I was driving with my sixteen-year-old son the other day, and I was struck by the disparity between what we Christians say about heaven and how we feel about heaven. The disparity is something I was sure my son saw, and so I meant to drag it into the open. I wanted to help him feel some kind of real excitement for heaven.
So I leaned on one of his pleasures. Watching movies. “Imagine,” I said, “that Star Trek is real. That there really are starships flying about the universe, skipping from star system to star system, engaging a thousand different worlds. And imagine that this world is one of the worlds they have sworn not to contact for fear of interfering with humanity’s progress. Can you imagine that?” I asked.
“Yes,” he said.
“Good. I realize that we don’t believe alien life exists, but just for the moment, let’s pretend that God has allowed such life, and that he is in full control of that life. Follow?”
“Yes.”
“Good. Now imagine that you were visited by an emissary who turned out to be an angel from God. The emissary whisked you away to a holding place deep in the mountains and informed you that what I’ve said is real. There are thousands of spaceships throughout the universe. Hundreds of exotic worlds to discover. But more than all of this, they’ve informed you that you are the twelfth son in a lineage that countless billions have had their eyes on for many years. You, JT Dekker, are the rightful heir to a position of great power in the universe. At this very moment more than a billion people have gathered on a certain planet in the next star system, eagerly awaiting your arrival. The time has come for you to choose to either embrace the role for which you were born or stay here on earth forever.”

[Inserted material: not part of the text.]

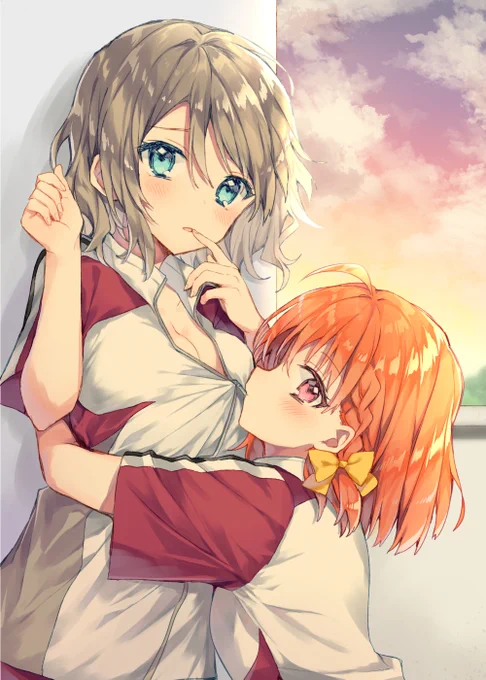 今日も暑いので曜ちゃんの胸元を涼しくしてあげるためファスナーを下げてあげる千歌ちゃん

“Okay,” my son said with a smirk.
“`You can bring seven others with you,’ the emissary tells you. `We will transport you to the planet, where you will walk into a massive arena specially built for your arrival. The roar of the crowd will shatter the stillness of space. But you have to decide today. If you choose to stay, your memory of this visit will be wiped out, and you’ll never again be given the opportunity to take your rightful place as God’s leader for a hundred worlds.’ Follow?”
“Yes.”
“Would you go?”
My son’s eyes lit up. “Of course.”
And what sixteen-year-old boy wouldn’t? Who could resist the call of such great adventure and discovery?
“What if heaven were as real as that?” I asked. “Would you want to go? I mean now, today?”
No hesitation. “Yes.”
“Heaven is more real than that. And far better,” I said.
Ted Dekker The Slumber of Christianity. Nashville: Nelson Books, 2005, p. 173-174.